Поэт создает своеобразный перечень всех знакомых ему источников представления о черепе как чаше. Завуалированно он называет Шекспира, упоминая Гамлета-Баратынского и намекая на монолог Гамлета, обращенный к черепу шута Йорика, и стихотворение самого Баратынского «Череп», написанное в 1825 г. также под впечатлением от шекспировской трагедии. Влияние западноевропейской барочной символики черепа, романтизма и масонства вызвали в начале XIX века в России в среде образованного дворянства всплеск интереса к черепу как к культурному символу, что обусловлено во многом и освоением «гамлетизма» как рефлексирующего психологического умонастроения и специфического взгляда на мир22.
Но поэт не просто иронизирует над «русскими Гамлетами» или увлечением доктринами масонства. Привлекательность для Пушкина «чаши из черепа» связана скорее всего еще и с тем, что образ черепа, превращающегося в чашу для веселого застолья, был наглядной реализацией более широкого культурного концепта пира, противостоящего концепту смерти. Антитеза пир - смерть была одной из главных антитез русской литературы первой трети XIX в.23 Ее можно проследить во многих стихах Державина, Пушкина, Батюшкова, Жуковского и других поэтов, а также в прозаических произведениях, например, в «Русских ночах» В.Ф. Одоевского. Именно эта антитеза составила главный сюжетный стержень маленькой трагедии Пушкина «Пир во время чумы» и его раннего лицейского стихотворения «Гроб Анакреона».
Темы анакреонтической, или как ее тогда называли «вакхической», поэзии и образ поэта, прославляющего жизнь и призывающего забыть о смерти за чашей вина, были чрезвычайно популярны в 1810-1820-х годах и реализовались в том числе в одном сжатом емком образе «чаши из черепа» в стихотворении «Послание Дельвигу».
Но наиболее значительный след в этом произведении оставило уже приводимое нами ранее стихотворение Байрона «Надпись на чаше из черепа». Он одним из первых соединил в своем произведении анакреонтику и гамлетизм, и в этом за ним следует Пушкин.
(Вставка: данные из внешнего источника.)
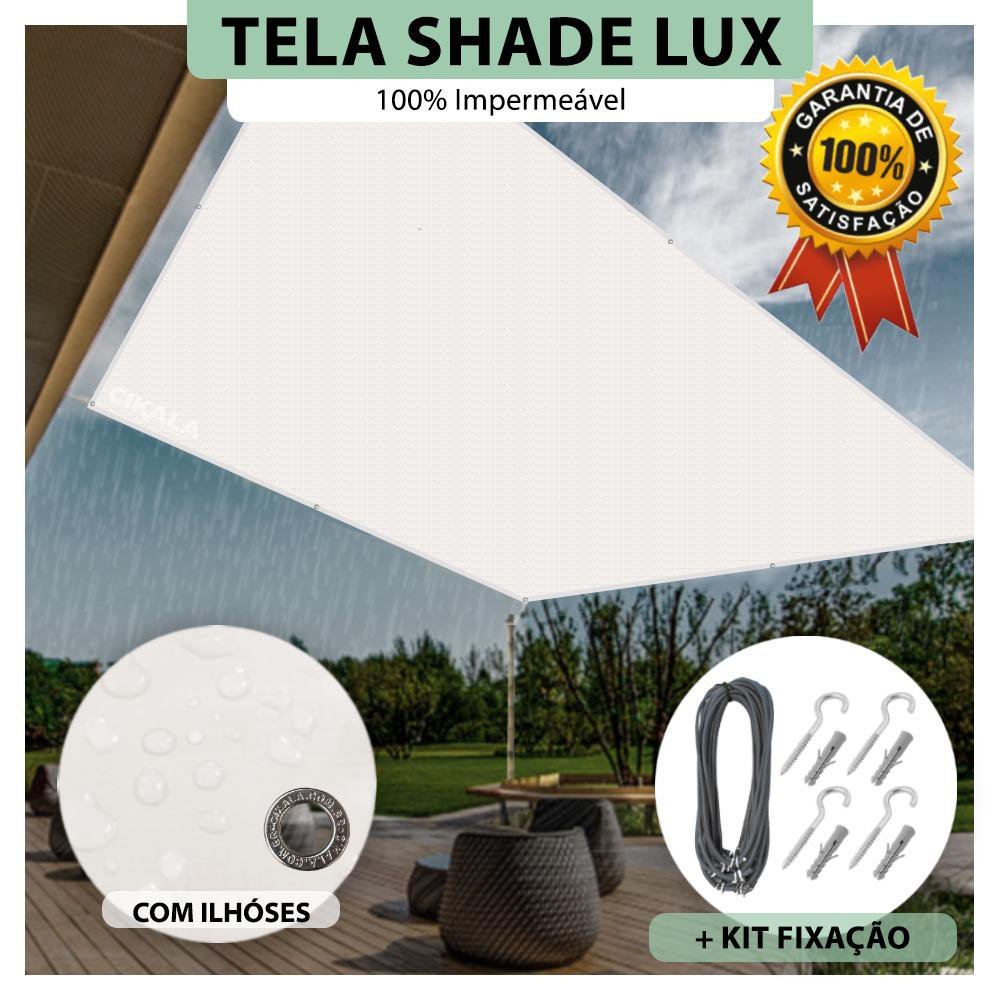 Tela Lona Branca 2x1 Metros Sombreamento Impermeável Shade Lux + Kit - 1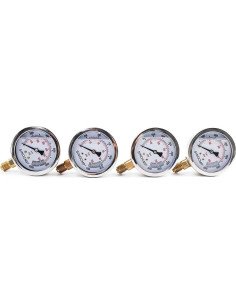 Kit de Manómetros Hidráulicos SINOCMP 4 Manómetros 10 Acoplamientos 2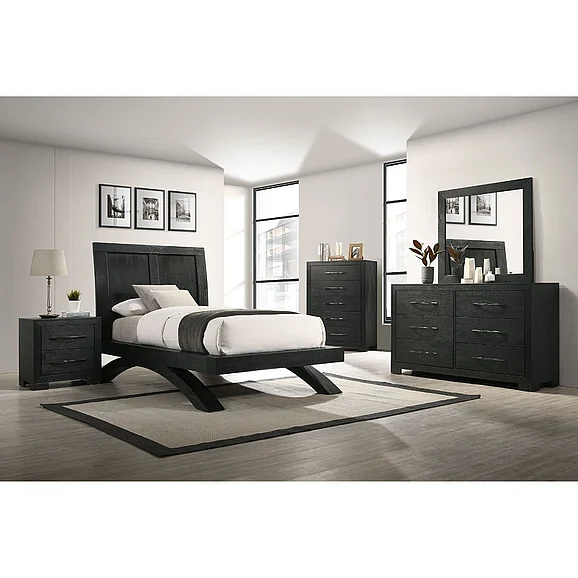 Elements International Allan 4-Piece Platform Bedroom Set in Black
Данное стихотворение скорее всего было известно русскому поэту, так как он сам указывает на Байрона в тексте своего произведения, именуя его «певцом Корсара» по заглавию одной из его поэм. О влиянии английского поэта на лирику Пушкина много писали в критических статьях еще при его жизни, например, кн. Петр Вяземский или Иван Киреевский. Сам Пушкин, по словам В.М. Жирмунского, «касаясь мимоходом в своих письмах вопроса о влиянии Байрона на русскую поэзию, говорит неизменно о художественном влиянии. Для него пример английской поэзии означает освобождение от условностей классической поэтики, от бедных и обветшалых правил и схем французского классического искусства»24. Если Род-зянко открыто возмущается смелой байроновской образностью и считает ее и в том числе образ «чаши из черепа» примером дурного вкуса, то Пушкин, впитавший западную романтическую культуру и байронизм, стремится к новациям в поэзии и пытается создать нечто похожее на «легкое» стихотворение английского барда о черепе в русской лирике.
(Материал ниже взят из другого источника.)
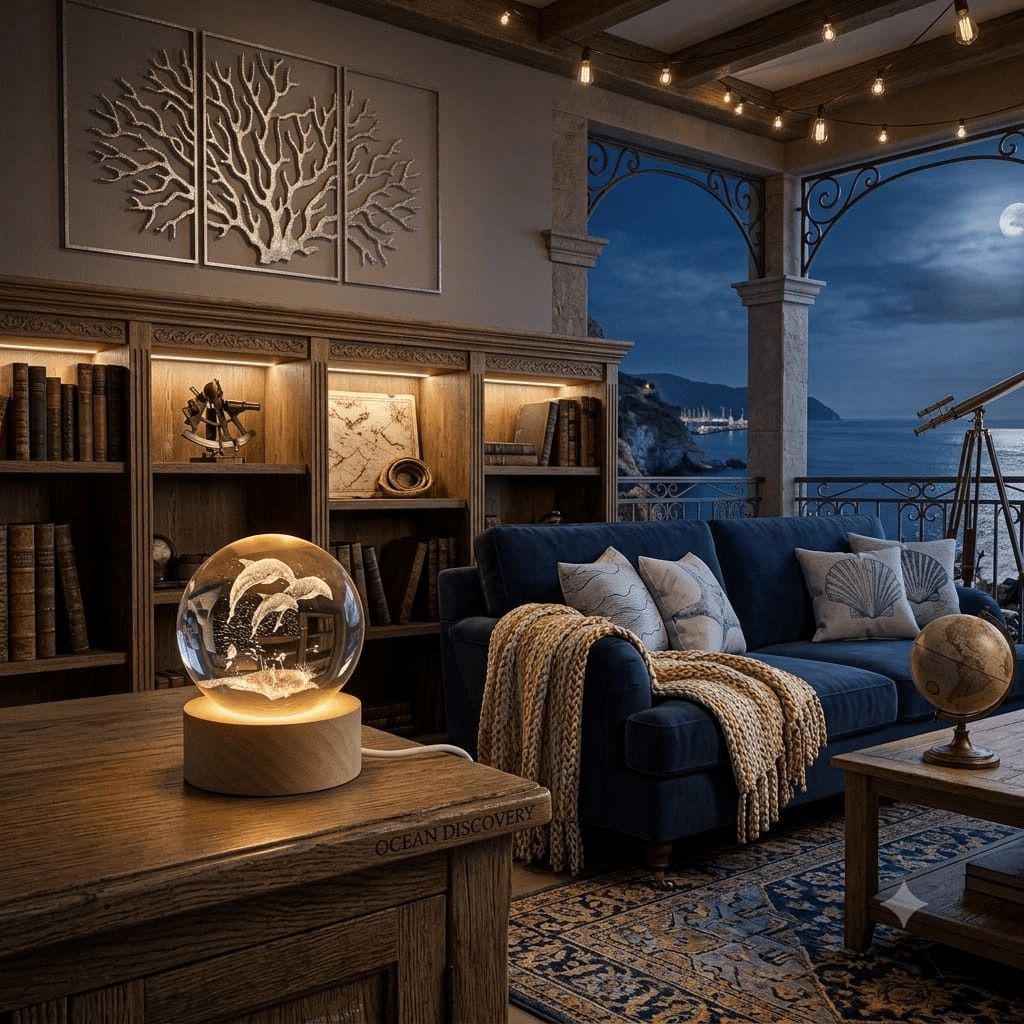 3D Crystal Ball Led Lamp With Wooden Base Night Lamp-image-8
Но помимо Байрона, Баратынского и Шекспира, из западноевропейской культурной традиции Пушкин упоминает еще и скан-
динавский фольклор, т. е. для него скорее всего были актуальны те же источники, что и для Батюшкова. Тем не менее нельзя утверждать, что только западноевропейская традиция в целом повлияла на появление в пушкинском творчестве образа «чаши из черепа». Как известно, он зачитывался Карамзиным не меньше, чем английскими поэтами, а легенду о гибели Святослава знал, вероятно, столь же хорошо, как, например, о вещем Олеге. Все вышеперечисленное позволяет предположить, что иронично обыгранный образ «чаши из черепа» в стихотворении «Послание Дельвигу» - это результат взаимодействия русской и западноевропейской культурных традиций. Пушкин не просто собирает воедино разные источники. Он расширяет ассоциативно-семантическое поле образа «чаши из черепа», создавая амбивалентный образ, выражающий важнейшую культурную антитезу: жизнь - смерть, которая именно в образе «чаши из черепа» не один раз воплотится потом в поэзии Серебряного века.
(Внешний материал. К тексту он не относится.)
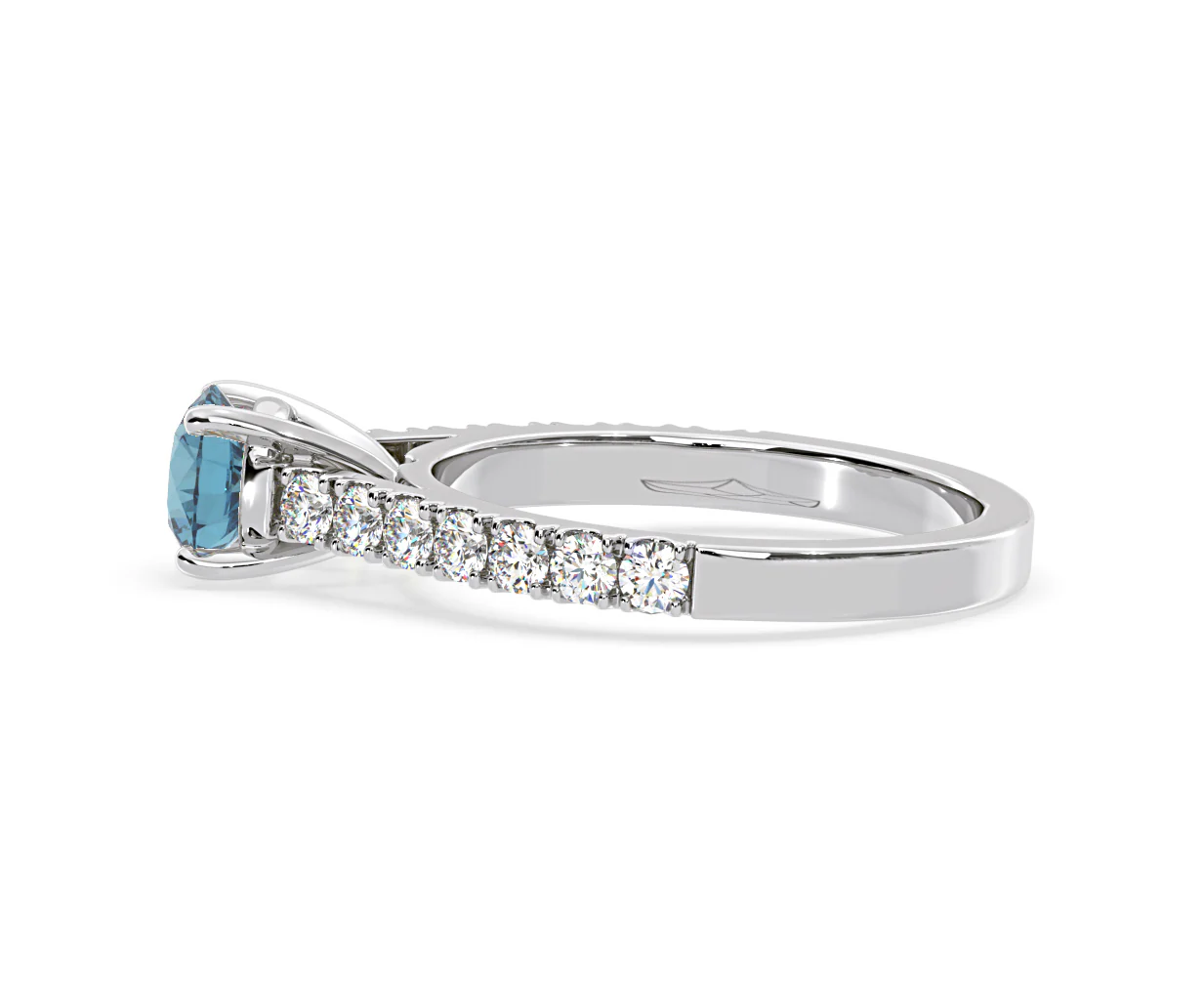 Natalia Blue Lab Diamond 1.50ct Side Stone Ring in Platinum - Elara Collection - Image 28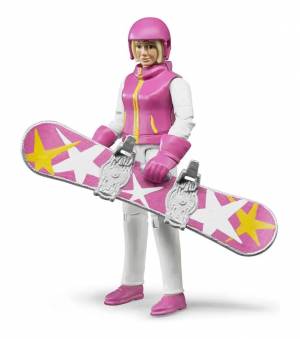 Фигурка Bruder сноубордистки с аксессуарами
У Пушкина мы можем уже увидеть метафорическое использование этого образа, в отличие от его предшественников, не отступавших от исторического контекста, связанного с легендарным прошлым русского или скандинавского этносов, хотя и в этом историческом контексте подспудно противопоставление жизни и смерти, героики и быта присутствует внутри данного образа.
Уже на излете романтизма в 1839 г. к образу «черепа-чаши» обратился В.Г. Бенедиктов в стихотворении «Тост». Но его попытка воплотить круг мотивов анакреонтической поэзии была воспринята передовыми литераторами как запоздалое подражание и пафос-ное стихотворство. Н.А. Некрасов под псевдонимом В. Бурнооков написал в 1845 г. пародию на стихотворение «Тост» под названием «Ревность», борясь с неуместной с его точки зрения гиперболичностью, цветистостью и антиобщественным пафосом стиля Бенедиктова.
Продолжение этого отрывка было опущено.